Data Cloning – Gary C. White

Data Cloning

Cloning the data is a numerical approach to identifying parameters that are not estimable (Lele et al. 2007, Lele et al. 2010). The reason for a parameter not being estimable is because it may be confounded with 1 or more other parameters. An example is the last phi and p combination in a Cormack-Jolly-Seber model, where only the product of phi and p can be estimated, but not the unique values of each.

The data are cloned by including multiple copies of the encounter histories, i.e., duplicating the encounter histories. In MARK, all that needs to be done is to multiply the encounter history frequencies of each group by the number of clones desired. Consider the example of cloning the data 100 times. An encounter history for an analysis with 2 groups and no individual covariates that looks like this:

11001010010 3 2;

could be cloned 100 times by entering the following encounter history:

11001010010 300 200;

By cloning the data, the sample size is increased without changing the parameter estimates. So, if the original estimates are compared to the cloned estimates, the values of the estimates will remain the same for parameters that are not confounded and are otherwise properly estimated. However, because the sample size has been increased, the standard errors of the cloned estimates will be smaller than the original standard errors. The expected result for parameters that are estimable is SE(original) = SE(cloned)*sqrt(number of clones). As an example, if the data are cloned 100 times, then the standard errors of the cloned data will be 1/10 of the original standard errors.

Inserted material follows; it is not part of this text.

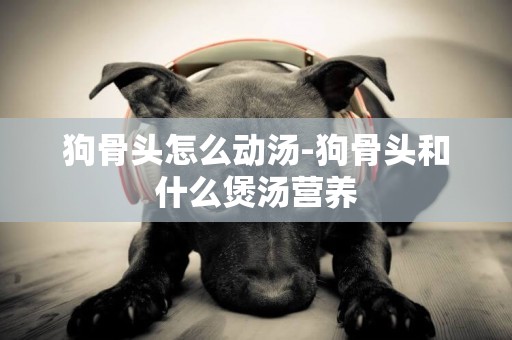 狗骨頭怎么動湯-狗骨頭和什么煲湯營養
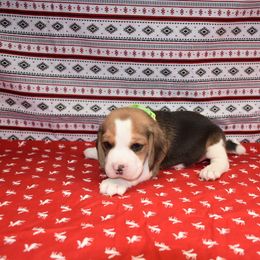 Green collar male - Black tan and white male Beagle puppy in Fontana, California from JLB Beagles & MBT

MARK has the option to clone the data in the Results Browser under the Output | Specific Model Output | Data Cloning menu choice. You should highlight the model you want to use for estimation before making this menu choice. When this menu choice is selected, you are asked to enter the number of copies (clones) of the data for the analysis, with the default value being 100. Once the value has been entered and the OK button pushed, MARK will generate new estimates with the cloned data to compare with the estimates from the model highlighted in the Results Browser. The original estimates and the new estimates from the cloned data are presented in an Excel spreadsheet so that you can compare the estimates and their standard errors.

The confidence intervals can also be compared, and the use of profile likelihood confidence intervals is suggested for examining parameter estimates at boundaries. That is, a parameter at a boundary, e.g., a survival estimate equal to 1, will generally have a zero (or at least unrealistically small) standard error. Cloning the data does not change this small standard error. However, if you have computed profile likelihod confidence intervals for this parameter, the profile likelihood confidence intervals for the cloned data will be considerably shorter (assuming you clone a 100 copies) than the original data. So, data cloning is also useful for verifying that a parameter estimated at the boundary is also estimable.